I picked up the box with the tips of my fingers, as if it might bite me, and went inside.

The deadbolt. The latch. The chain.

I glanced through the window. The street was quiet, indifferent, cruel in its normalcy, before I yanked the curtain shut with a sharp motion. I stood with my back against the wall for a long second, staring at nothing.

He had found me.

The conclusion settled into my mind with the cold certainty of a mathematical fact. Not a coincidence. Not a delivery mistake. The box bore my order number. My receipt. My name, in a way, scrawled in the ink of a pizzeria printer.

He knows where I live.

But he hadn't made a move yet. And that was precisely what chilled me to the bone, not the action, but its absence. A man who simply wanted to silence me wouldn't have waited. A man who left an empty box at my gate without a word, without a threat, without even a signature... that kind of man wasn't trying to eliminate me.

He wanted to watch me be afraid.

Sadist.

The word landed in my mind with unpleasant clarity. He wanted to see me pacing in circles, drawing the curtains, checking the locks. He wanted to drive me insane before delivering the final blow if there even was a final blow. Perhaps psychological torture was the goal.

The police. The idea surfaced, then immediately deflated.

He wasn't stupid. A man capable of making a body disappear in a forest on the outskirts of New York without leaving so much as a single line in the newspapers had probably anticipated that I would go to the authorities.
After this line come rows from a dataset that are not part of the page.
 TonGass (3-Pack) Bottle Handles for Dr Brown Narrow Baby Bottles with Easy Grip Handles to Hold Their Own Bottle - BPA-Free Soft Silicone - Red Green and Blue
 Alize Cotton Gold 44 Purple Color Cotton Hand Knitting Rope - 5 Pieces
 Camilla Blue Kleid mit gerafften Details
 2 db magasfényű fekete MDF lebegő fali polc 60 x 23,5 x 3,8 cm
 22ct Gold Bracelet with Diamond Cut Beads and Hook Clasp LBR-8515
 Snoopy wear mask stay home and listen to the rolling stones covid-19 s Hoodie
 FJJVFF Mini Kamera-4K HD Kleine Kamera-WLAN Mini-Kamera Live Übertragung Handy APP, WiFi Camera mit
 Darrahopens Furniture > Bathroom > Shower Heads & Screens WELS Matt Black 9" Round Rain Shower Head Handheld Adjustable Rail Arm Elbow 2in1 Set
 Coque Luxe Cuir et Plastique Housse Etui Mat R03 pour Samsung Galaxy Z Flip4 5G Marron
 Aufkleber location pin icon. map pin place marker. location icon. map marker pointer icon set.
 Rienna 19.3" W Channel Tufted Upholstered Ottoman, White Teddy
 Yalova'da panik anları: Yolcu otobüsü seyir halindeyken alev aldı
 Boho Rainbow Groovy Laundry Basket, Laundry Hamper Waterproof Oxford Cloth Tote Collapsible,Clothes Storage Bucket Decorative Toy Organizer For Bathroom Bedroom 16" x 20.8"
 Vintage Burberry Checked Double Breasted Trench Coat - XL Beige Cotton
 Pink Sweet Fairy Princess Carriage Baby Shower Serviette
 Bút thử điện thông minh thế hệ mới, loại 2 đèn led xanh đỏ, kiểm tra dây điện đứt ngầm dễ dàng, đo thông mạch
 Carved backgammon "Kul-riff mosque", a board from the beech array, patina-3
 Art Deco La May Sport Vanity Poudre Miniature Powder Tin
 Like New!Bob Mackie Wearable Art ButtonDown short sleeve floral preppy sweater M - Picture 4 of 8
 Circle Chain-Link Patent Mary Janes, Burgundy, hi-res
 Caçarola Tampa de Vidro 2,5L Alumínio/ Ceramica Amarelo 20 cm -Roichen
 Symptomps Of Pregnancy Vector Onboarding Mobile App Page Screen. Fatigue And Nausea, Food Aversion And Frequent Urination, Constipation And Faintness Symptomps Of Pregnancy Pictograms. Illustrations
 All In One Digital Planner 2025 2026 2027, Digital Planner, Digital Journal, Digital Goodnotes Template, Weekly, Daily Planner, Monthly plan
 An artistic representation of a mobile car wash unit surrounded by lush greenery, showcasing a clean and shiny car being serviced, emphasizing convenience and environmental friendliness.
Maybe he even knew I had already visited that police station. Maybe the blue-eyed officer hadn't been a coincidence either.

I pushed the thought away. I was becoming paranoid.

Which, under the circumstances, was a perfectly reasonable reaction.

And Arabelle?

Her name hit me like a weight.

She lived here. She slept two doors down from me. She opened that gate every morning thinking about her coffee and her insufferable boss. She hadn't asked for any of this, and yet I had dragged her into my wake without even asking her opinion, simply because we shared a home, simply because she existed within its walls.

How long had he known I lived here?

I had no answer.

And the absence of an answer was, without question, the most terrifying thing about this evening.

That was when it started.

An itch at the back of my throat. Familiar. Wrong. I coughed once.

Then again.

Then my body decided to take matters into its own hands, and I collapsed to my knees on the bedroom tiles as a coughing fit emptied my lungs. When it finally stopped, I looked at my palm.

Dark red.

Glistening beneath the ceiling light.

I stared at the blood for a second too long, then rose mechanically and crossed to my nightstand. The pills were there, small, white, indifferent to everything that had just happened.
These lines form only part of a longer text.